There is no supervisor, only a reward signal
Feedback is delayed, not instantaneous
Time really matters (sequential)
Agent’s actions affect the subsequent data it receives

The Reinforcement Learning Problem

Rewards

A reward \(R_t\) is a scalar feedback signal
Indicates how well agent is doing at step \(t\)
The agent’s job is to maximize cumulative reward
Reinforcement learning is based on the reward hypothesis

Reward Hypothesis Definition: The goals can be described by the maximization of expected cumulative reward.

If a problem cannot satisfy with the reward hypothesis, it cannot solved by reinforcement learning.

Sequential Decision Making

Goal: Select actions to maximize total future reward
Actions may have long term consequences
Reward may be delayed
It may be better to sacrifice immediate reward to gain more long-term reward

Agent and Environment

At each step \(t\) the agent:
- Executes action \(a_t\)
- Receives observation \(o_t\)
- Receives scalar reward \(r_t\)
The environment:
- Receives action \(a_t\)
- Emits observation \(o_{t+1}\)
- Emits scalar reward \(r_{t+1}\)
\(t\) increments at env. step

History and State

The history is the sequence of observations, actions, and rewards:

\[H_t = a_1, o_1, r_1, \dots, a_t, o_t, r_t\]

What happens next depends on the history:

The agent selects actions
The environment selects observations/rewards

State is the information used to determine what happens next. Formally, state is a function of the history:

\[s_t = f(H_t)\]

Environment State

The environment state \(s_t^e\) is the environment’s private representation. The environment state is not usually visible to the agent.
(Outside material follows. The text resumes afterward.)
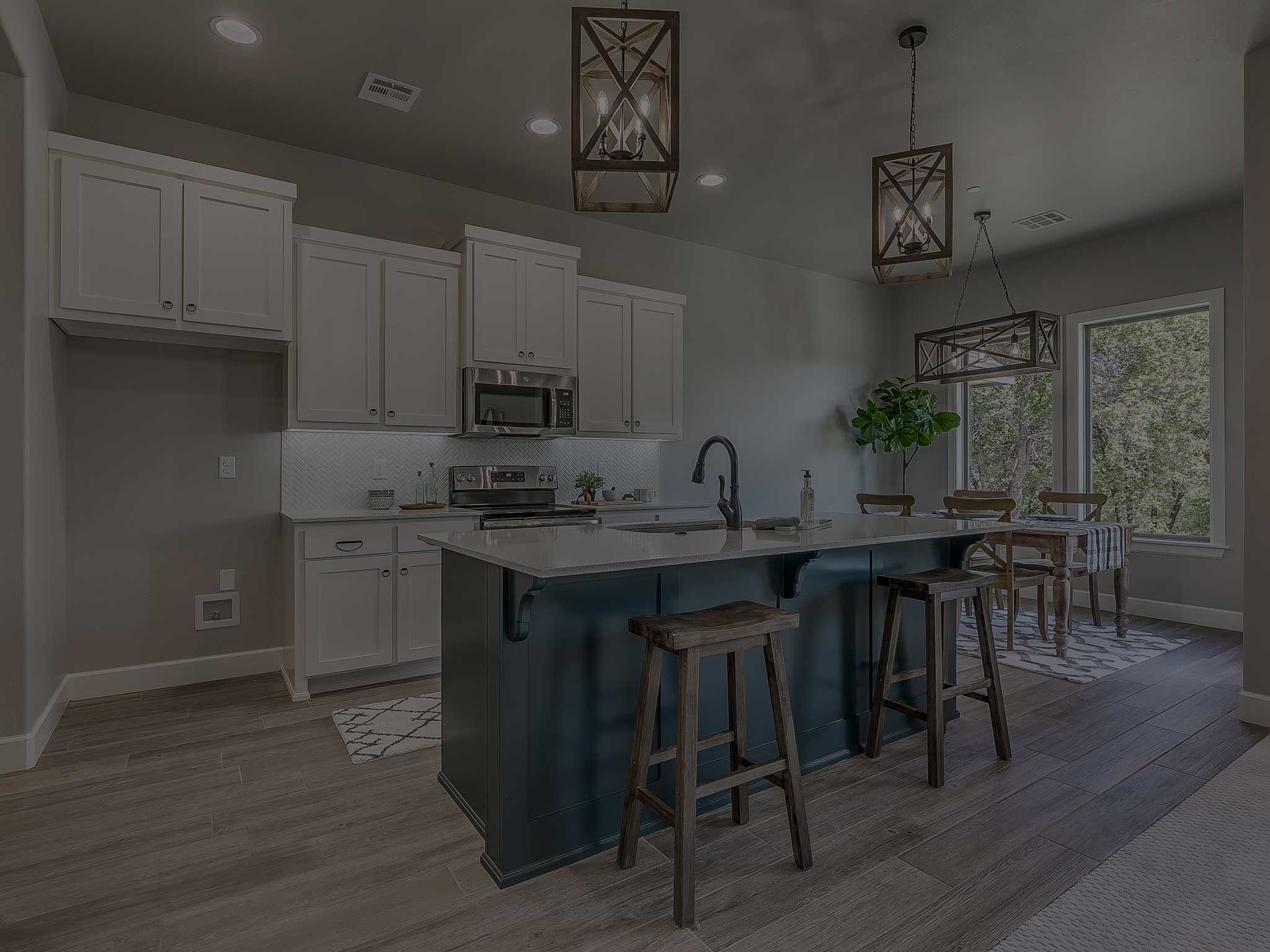 Oklahoma Property Management LUXE PM See our Properties now!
Even if it is visible, it may contain irrelevant information.

Agent State

The agent state \(s_t^a\) is the agent’s internal representation. It can be any function of history.
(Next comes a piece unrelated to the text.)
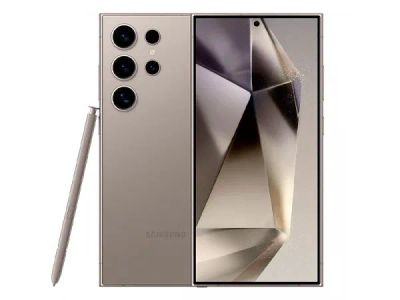 Лот: 21362178. Фото: 1. Смартфон Samsung Galaxy S24 Ultra... Смартфоны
Information State (Markov State)

An information state (Markov state) contains all useful information from the history.

A state \(s_t\) is Markov if and only if

\[\mathbb{P}[s_{t+1}|s_t] = \mathbb{P}[s_{t+1}|s_1, \dots, s_t]\]

The future is independent of the past given the present. Once the state is known, the history may be thrown away. The state is a sufficient statistic of the future.

Fully Observable Environments

Full observability: agent directly observes environment state

\[o_t = s_t^a = s_t^e\]

Formally, this is a Markov decision process.

Partially Observable Environments

Partial observability: agent indirectly observes environment. Now \(s_t^a \neq \s_t^e\). Formally this is a partially observable markov decision process (POMDP).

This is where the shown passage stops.